Q35 emulation may also be useful for other purposes. In fact, the emulation
of a more recent chipset partially closes a huge gap between a set of
required platform features and the actual emulated platform capabilities
- lot of required functionality is actually missing in a real i440 chipset.
One can look at IGD passthru support patches from Intel for example:
according to code comments, they had to create a dummy PCI-ISA bridge
at BDF 0:1F.0 in order to make the old i440 system look more modern, just
to make it compatible with IGD driver. Using Q35 emulation with its own
emulated LPC bridge allows to avoid workarounds like this. i440 on its own
is a fairly outdated system and doesn't really support lot of things, like
MMIO hole above 4Gb (although it is actually emulated). Also, due to the
i440 chipset's age the only fact of its usage may be used as a reliable
method to detect a virtualized environment by some malicious software
especially considering the fact that i440 emulation is shared among
multiple virtualization products.

On top of this series I've also implemented a solution which solves
existing Xen puzzle with HVM memory layout -- handling of VRAM, RMRRs and
MMIO hole in general. This "puzzle" (memory layout inconsistency between
libxl/libxc, hvmloader and QEMU) is a sort of fundamental problem which
plagues Xen for years and among few other issues prevents Xen to become a
decent GPU/PCIe passthrough platform (which it should be). This solution
also allows to later resolve current PCI passthrough incompatibility
issues, eg. with Populate-on-Demand. In fact, i440 support has been added
as well, but it's a bit hacky as it uses NB registers which are not present
in a real i440 (well, one more non-existing i440 feature won't harm anyway
as there are plenty of them already). I'm planning to send RFC patches of
this solution right after current patches will be reviewed and related code
settle, to rebase patches on top of it. Also, a good description is
required as the change is rather radical.

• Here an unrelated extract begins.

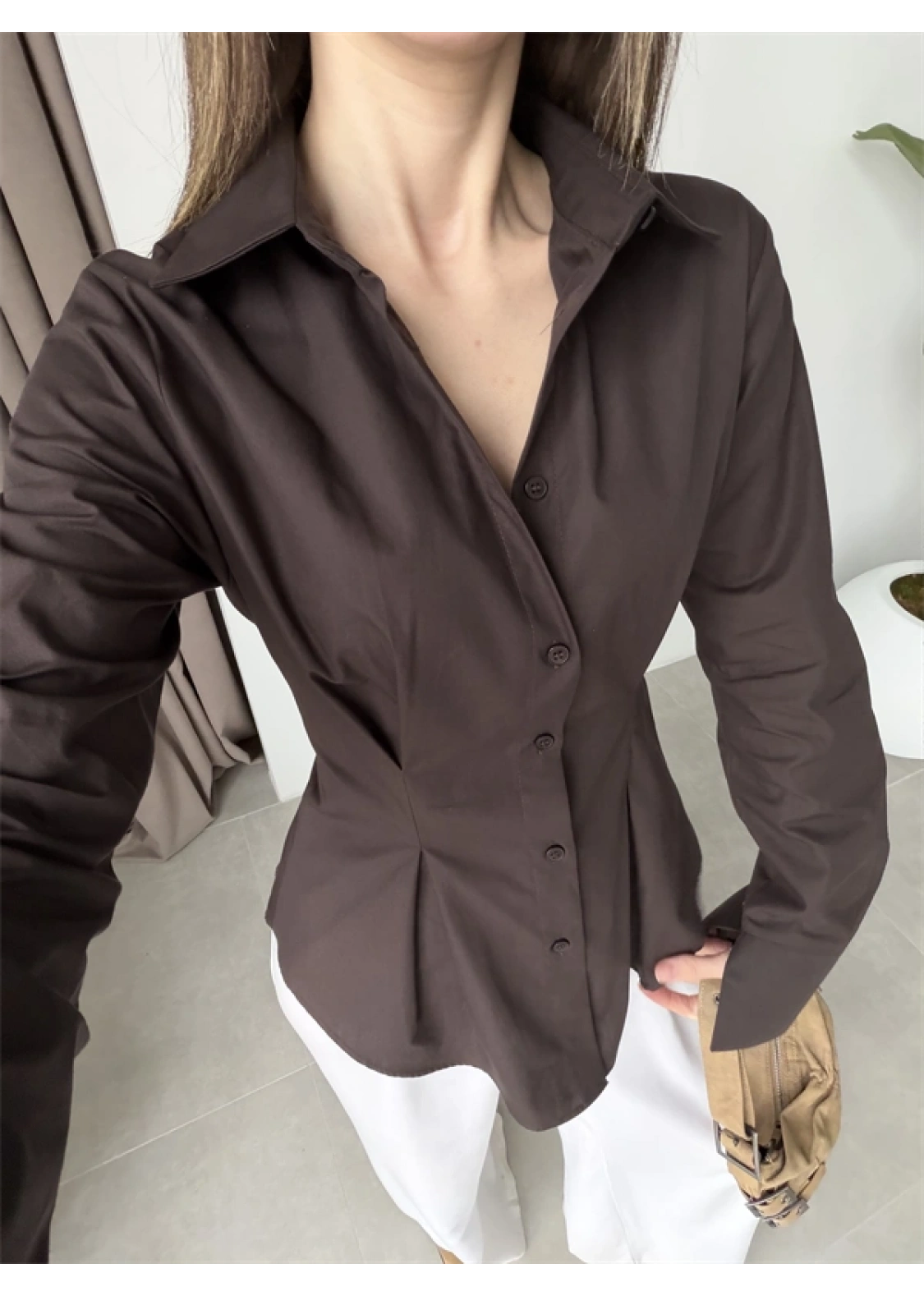 Belden Oturtmalı Pilili Kahve Poplin Gömlek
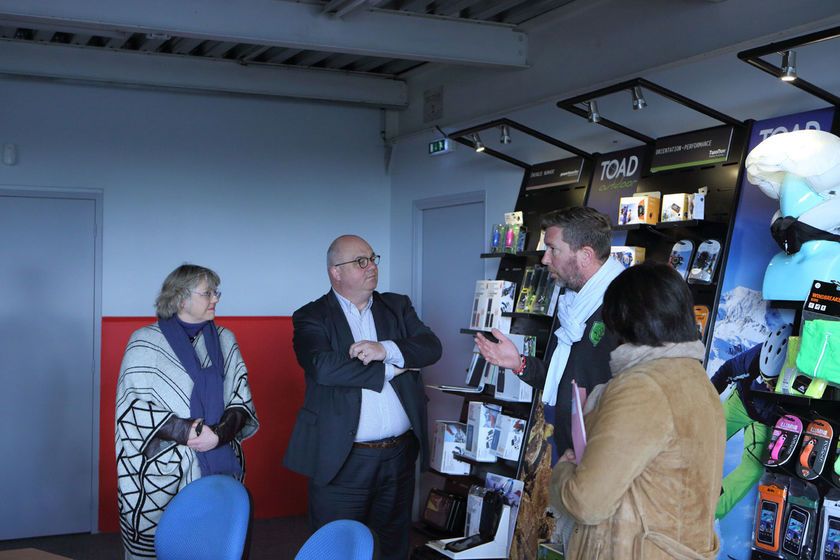 Visite des élus au Corniguel : halte à l’entreprise TOAD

The good thing is that providing Q35 support for Xen at this stage neither
break any existing functionality nor affect the legacy i440 emulation
in any way - Q35 emulation can be enabled on demand only, using a new
domain config option. Also, only existing interfaces are used, no new
hypecalls were introduced, no API changes, etc. Although in the future
we'll have to change some hypercall/QMP/etc interfaces to remove
limitations and extend the Q35/PCIe passthru support further.

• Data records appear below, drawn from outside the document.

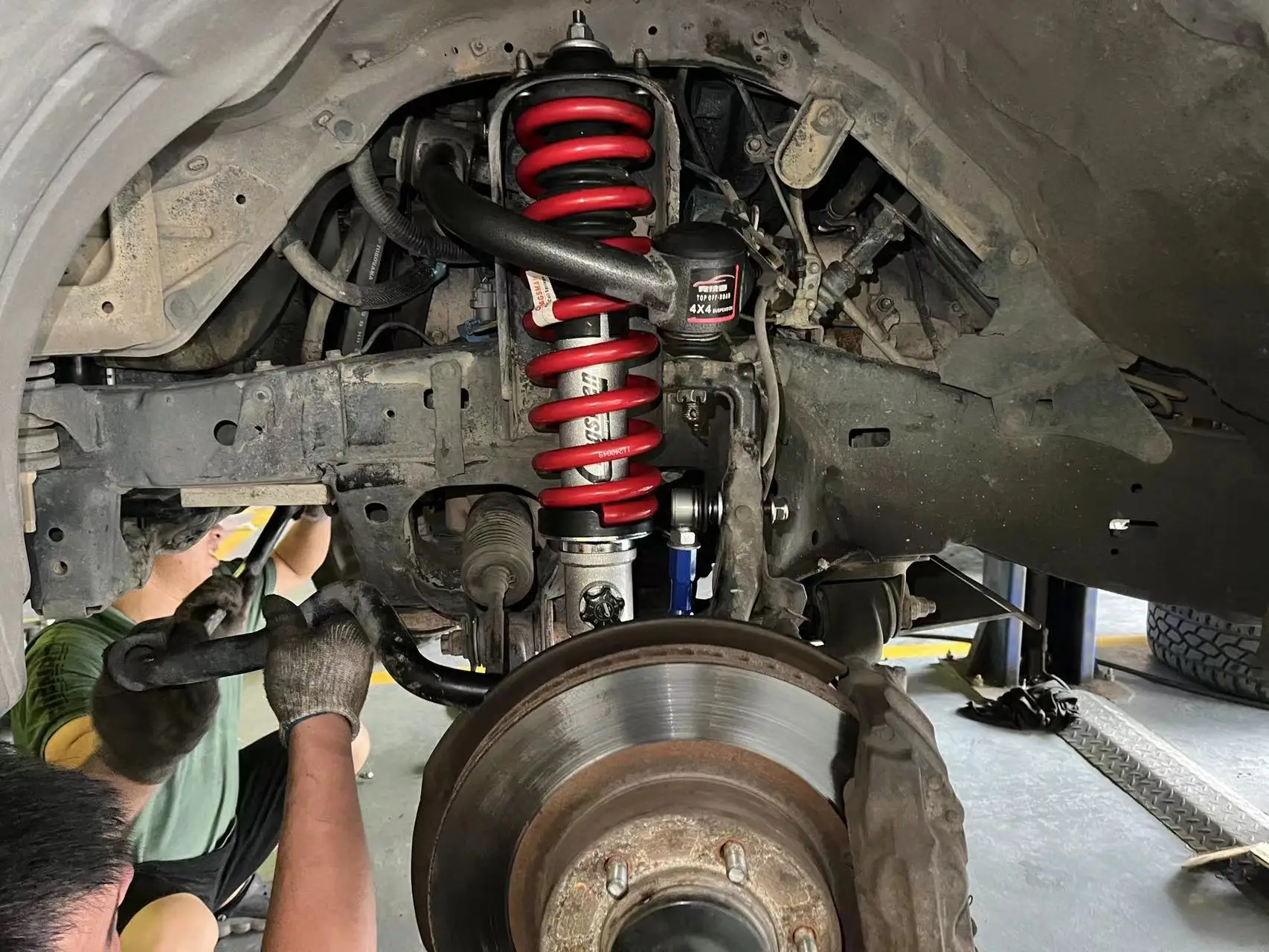 جودة قطع غيار السيارات السيارات الهواء تعليق 4X4 امتصاص الصدمات لBt-50 #3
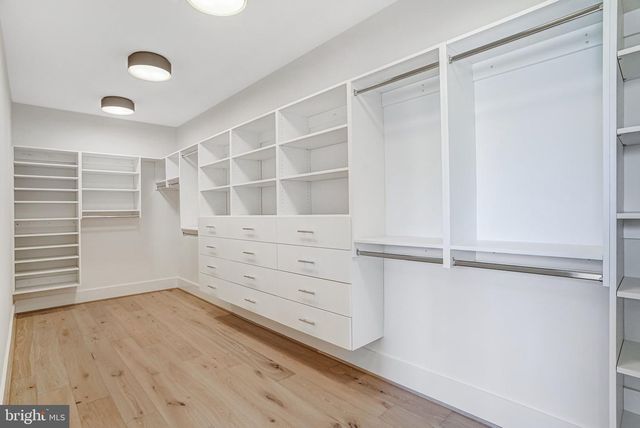 3946 N DUMBARTON ST, Mclean, VA 22101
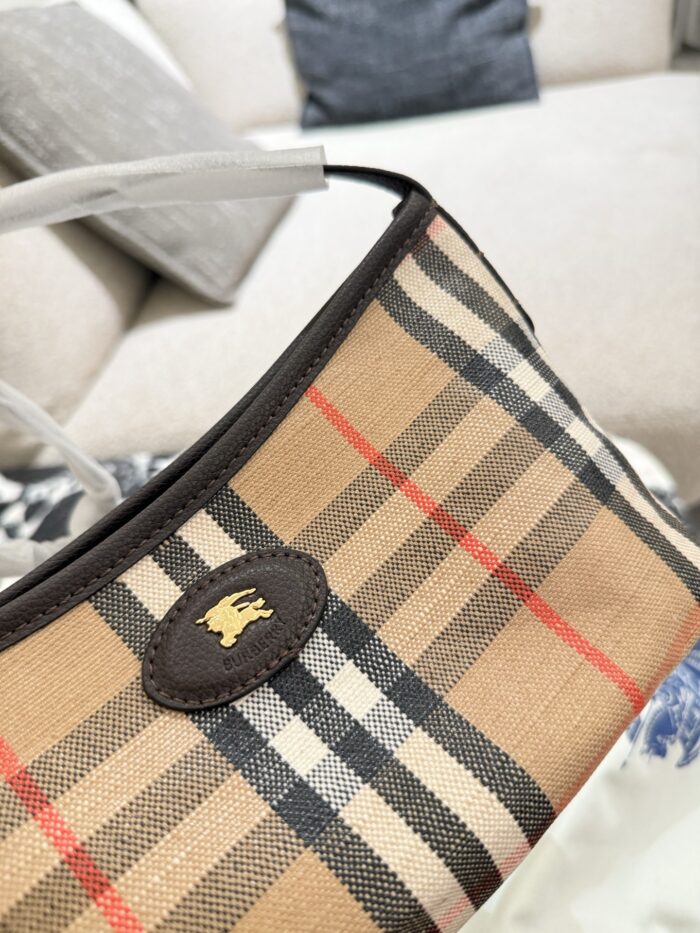 Burberry Vintage Check Lunchbox Bag - Versatile And Practical Crossbody Bag - Image 4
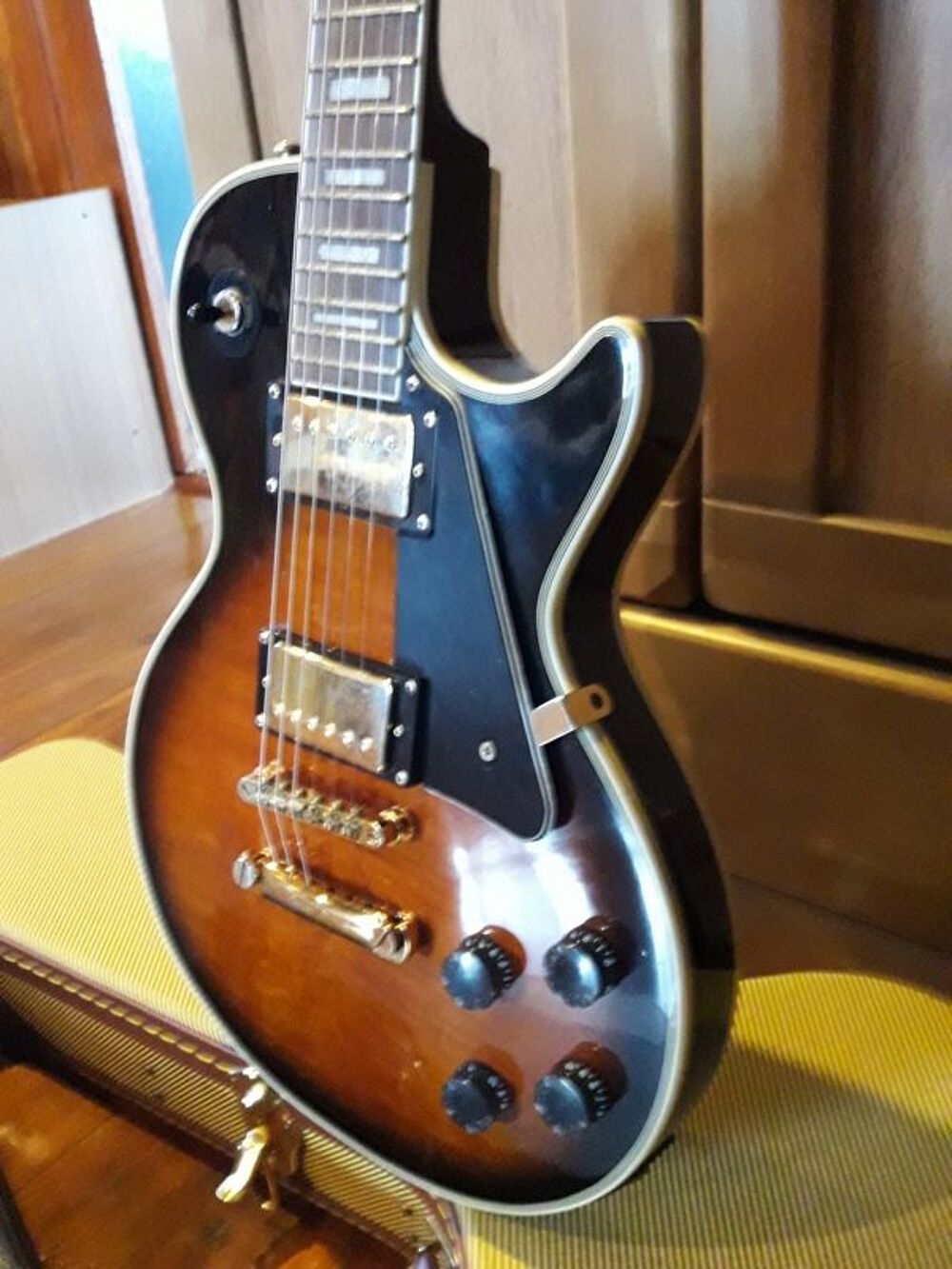 SUPERBE IMITATION GIBSON LES PAUL Instruments de musique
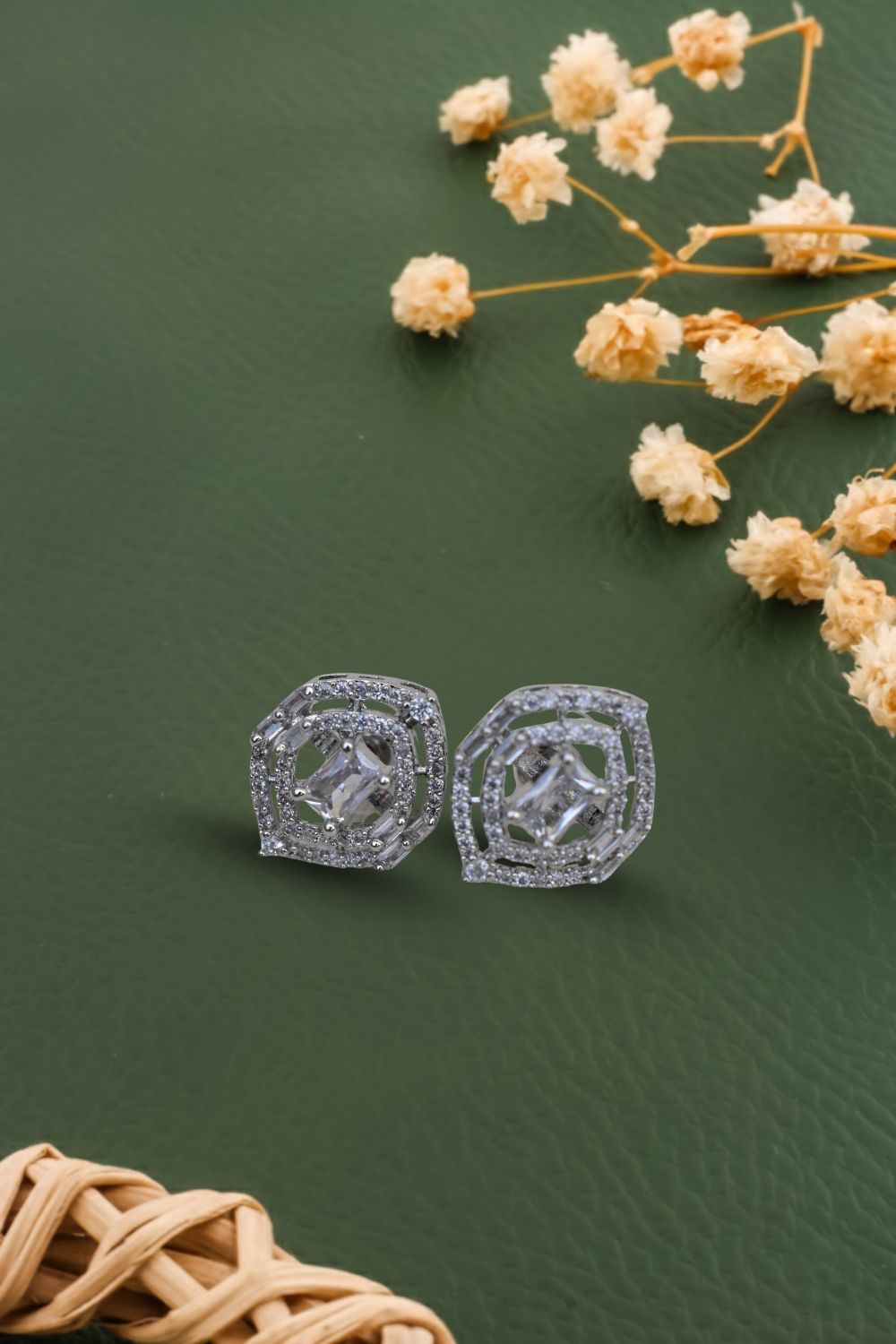 cubic zirconia diamond white gold silver polish stud earrings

Current features and limitations:
- All basic functionality works normally - MP, networking, storage (AHCI),
  powering down VMs via ACPI soft off, etc
- Xen Platform Device and PV devices are supported -- PV drivers for vbd,
  vif, etc may be installed and used
- PCIe ECAM fully supported, with allocating space for PCIEXBAR in MMIO
  hole, ACPI MCFG generation, etc.
- Xen is limited to max 4 PIRQs in multiple places, while Q35 have support
  of 8 PIRQs / PCI router links. This was workarounded by describing only
  4 usable IRQ link entries in ACPI tables and disabling PIRQE..PIRQH -- like
  we're on a real system which has only some of 8 available PIRQs physically
  connected on the chipset. Extending the number of PCI links supported
  is trivial, but this step will change the save/migration stream format
  a bit... although as it seems there was actually some place for this
  extension being left -- eg. field uint8_t route[4] followed by uint8_t
  pad0[4] in hvm_hw_pci_link structure. Anyway, there is no problem actually
  as we normally deal with APIC mode (or MSIs) for IRQ delivery, while PIC
  mode with PCI routing needed only for legacy compatibility
- PCI hotplug currently implemented via ACPI hotplug, in a way similar
  to i440. In future, this might be changed to native PCIe hotplug facilities
  (if there will be a benefit).
- For PCIe passthrough to work on Windows 7 and above, a specific
  workaround was implemented, which allows to use PCIe device passthrough
  on those guest OSes normally. In future, this should be changed to a new
  emulated PCI architecture for Xen -- providing support for simple PCI
  hierarchies, nested MMIO spaces, etc. Basically, we need at least
  to provide support for PCI-PCI bridges (PCIe Root Ports in our case).
  Currently Xen limited to bus 0 in many places, even in hypercall
  parameters. A detailed description of the issue can be found in the patch
  named "xen/pt: Xen PCIe passthrough support for Q35: bypass PCIe topology
  check".
- VM migration was not tested as the feature primarily targets the PCIe
  passthrough which doesn't compatible with migration anyway.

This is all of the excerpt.